MA: The government should try to improve supply situation, allowing immediate imports even from neighboring India, where necessary. It also calls for additional administrative measures to reduce food inflation. Mere reliance on utility stores, who cater to a limited number of people, is not the prime method of controlling food prices.
State Bank of Pakistan is following a tight monetary policy to reduce inflation but needs to do more to limit government's budgetary financing. As stated before, it should further reduce the interest rates as well as the Export Refinance rate.
PAGE: How do you see SBP's role in providing solutions for the rising inflationary pressures on our trade?
MA: SBP, according to Governor Dr Shamshad Akhter, does influence the rising inflationary pressures. The Monetary Policy has outlined its role in this regard. Of course, external factors, such as increase in oil rates, import of food commodities or natural vagaries are impacting the country's inflation rate - in fact on its economic development as well as poverty alleviation. By the way, the business community is still not able to understand the theory of the SBP Governor regarding the nominal and real interest rates. Just tell me, when I do my costing, do I take the nominal interest rate, say 13%, or do I take the real rate which is the real interest rate less than the inflation rate?

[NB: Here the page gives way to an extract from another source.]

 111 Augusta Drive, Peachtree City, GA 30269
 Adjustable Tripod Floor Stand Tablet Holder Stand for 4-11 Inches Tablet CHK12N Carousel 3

PAGE: What concerns do our trade bodies have regarding the current inflationary situation? And how do you see this trend in future?
MA: Generally, the trade associations and chambers do express their views on these issues. Primarily, they are concerned about the ramifications of high prices of inputs on the finished products. Take textiles, for example. The main carping has focused on the rising cost of production and how this has terribly affected the exports. There does not seem to be any clear-cut strategy to counter the cost of doing business. Sadly, the government is still occupied with other mundane matters and has put the latest textile package on the back burner till budget time. Please do note that whenever costs go up, the main industry of Pakistan, i.e. textiles, will invariably suffer, and suffer real big.
PAGE: Do you have any suggestion or message that you want to deliver in order to help contain inflation, which is the real impediment in our economic growth?
MA: It should be remembered that inflationary expectations, based on overall inflationary trends, are self-fulfilling with dismal consequences. The government should refrain from spin-doctoring that everything is hunky-dory. It is the duty of the government to be pro-active and act fast to attack any menace with pragmatic and doable strategies, and, of course, must ensure that public is kept aware of the real situation. Trust the people, not pseudo-consultants. The citizens know and experience the ground realities, not those who sit in the hallowed halls of the government buildings in Islamabad.